CHICAGO — On Wednesday, May 4, the 50th anniversary of the Freedom Rides, “The Oprah Winfrey Show” honored the brave and determined group of 436 Americans — men and women, Black and White — who joined together in a peaceful demonstration against racial injustice and segregation and risked their lives to change a nation forever.
Winfrey also reminded viewers to watch a special documentary on PBS on May 16, marking the 50th anniversary of the Freedom Rides during the summer of 1961.

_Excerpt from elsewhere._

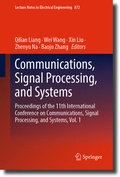 Cover: Communications, Signal Processing, and Systems - Springer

In a powerful and historic hour, Oprah welcomed 178 surviving members — including Rep. John Lewis, Rev. C.T. Vivian and Atlanta businessman Hank Thomas — of the Freedom Rides in one of the largest gatherings of riders since 1961.
Said Winfrey, “As an African-American woman born in Mississippi in 1954 and raised in the south, I owe a deep debt of gratitude to the Freedom Riders, as do we all. I know my life would be different were it not for them.”
During the episode, Congressman Lewis sat with Elwin Wilson, the man who brutally beat him in South Carolina while he attempted to enter a “Whites Only” waiting room at a bus station. Joining Lewis were other Freedom Riders, who were among the 300 who were jailed at Mississippi’s State Penitentiary (Parchman Farm) to help overthrow segregation, sharing their personal recollections.
Also, Janie Forsyth McKinney, who was just a 12-year-old girl when she braved an angry mob to help the Freedom Riders, recounts the harrowing story of the bus that was set ablaze in front of her father’s grocery store. Hank Thomas called her “an angel” in the midst of all that hate.
Plus, U.S. Attorney General Robert F. Kennedy’s then assistant, John Seigenthaler, talks about the beating he received while he tried to protect protesters.
Winfrey added, “On behalf of all of America, may I say you make us proud to call ourselves American. … We stand in reverence for what you have done…as we look at the courage that you all showed at such a young age.”